Vakantieopbouw na twee jaar ziekte?

17 juli 2024

In een uitspraak van de Rechtbank Gelderland van 5 juni 2024 oordeelde de kantonrechter over de vraag of de werkgever nog niet-genoten vakantiedagen (die de werknemer had opgebouwd tijdens arbeidsongeschiktheid) moest uitbetalen aan de werknemer. Bijzonder was dat de werknemer niet alleen uitbetaling claimde van vakantiedagen over de eerste 104 weken van arbeidsongeschiktheid, maar ook van niet-genoten vakantiedagen over de periode nadat de loondoorbetalingsperiode van 104 weken was verstreken (tot het einde van het dienstverband).

Duidelijk is dat werknemers gedurende de eerste 104 weken van arbeidsongeschiktheid  – en als er een loonsanctie wordt opgelegd ook nog gedurende het loonsanctiejaar – gewoon vakantiedagen opbouwen. Tijdens arbeidsongeschiktheid kunnen werknemers in beginsel ook gewoon vakantiedagen opnemen, tenzij de werknemer volledig arbeidsongeschikt is en redelijkerwijs niet in staat is om vakantiedagen op te nemen. In sommige gevallen moet de werknemer ermee instemmen om vakantiedagen af te kunnen boeken tijdens arbeidsongeschiktheid.  Hierover schreven wij al eerder een blog.

In de wet (in artikel 7:634 BW) staat heel duidelijk dat de werknemer alleen vakantiedagen opbouwt over de arbeidsduur waarover recht op loon bestaat. Vervolgens wordt er een aantal uitzonderingen genoemd (in artikel 7:635 BW) waarbij er wel vakantiedagen worden opgebouwd, ook al is er geen recht op loon. Bij die uitzonderingen staat niets over de periode nadat de loondoorbetalingsperiode is geëindigd tot einde dienstverband. Dat betekent dat als na 104 weken arbeidsongeschiktheid de loondoorbetalingsverplichting  van de werkgever is geëindigd, de werknemer niet langer vakantiedagen opbouwt. Er is dan immers geen recht meer op loon. Eindigt de loondoorbetalingsverplichting van de werkgever na 104 weken arbeidsongeschiktheid niet, omdat een loonsanctie wordt opgelegd, dan bouwt de werknemer nog wel vakantiedagen op.

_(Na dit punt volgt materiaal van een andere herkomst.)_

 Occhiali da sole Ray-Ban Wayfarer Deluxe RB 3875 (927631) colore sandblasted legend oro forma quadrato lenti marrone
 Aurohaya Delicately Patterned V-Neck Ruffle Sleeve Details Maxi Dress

Volgens de kantonrechter van de Rechtbank Gelderland is deze wettelijke bepaling (artikel 7:634 BW) echter in strijd met de Europese Richtlijn en de Europese rechtspraak. De Nederlandse rechter is verplicht om de Nederlandse wet zoveel mogelijk in lijn met de Europese richtlijnen uit te leggen, maar mag niet zover gaan dat de rechter in strijd met de wet oordeelt. Artikel 7:634 BW en artikel 7:635 BW bieden geen ruimte om de wet richtlijnconform uit te leggen, dus de kantonrechter heeft de vordering van de werknemer tot betaling van tijdens het derde ziektejaar opgebouwde vakantiedagen, afgewezen. Hier ligt een taak voor de wetgever, aldus de kantonrechter.

Vooralsnog bouwt een werknemer dus geen vakantiedagen meer op als er na het verstrijken van de  loondoorbetalingsperiode van 104 weken geen recht meer bestaat op loon. Niet uitgesloten is dat de wetgever dit signaal zal oppakken en de wet op termijn zal aanpassen.  Werknemers zouden mogelijk de staat aansprakelijk kunnen stellen en een schadevergoeding kunnen vorderen als de wetgeving in strijd is met de Europese Richtlijn.

ULTEAMe tip!

Tijdens de re-integratie wordt vakantie nogal eens vergeten. Bespreek ook met een zieke werknemer of en zo ja, wanneer de werknemer vakantie geniet en zorg ook dat dit wordt vastgelegd. Zo zorg je voor duidelijkheid en voorkom je discussies over het aantal vakantiedagen dat nog moet worden uitbetaald op het moment dat de arbeidsovereenkomst (wegens langdurige arbeidsongeschiktheid) eindigt.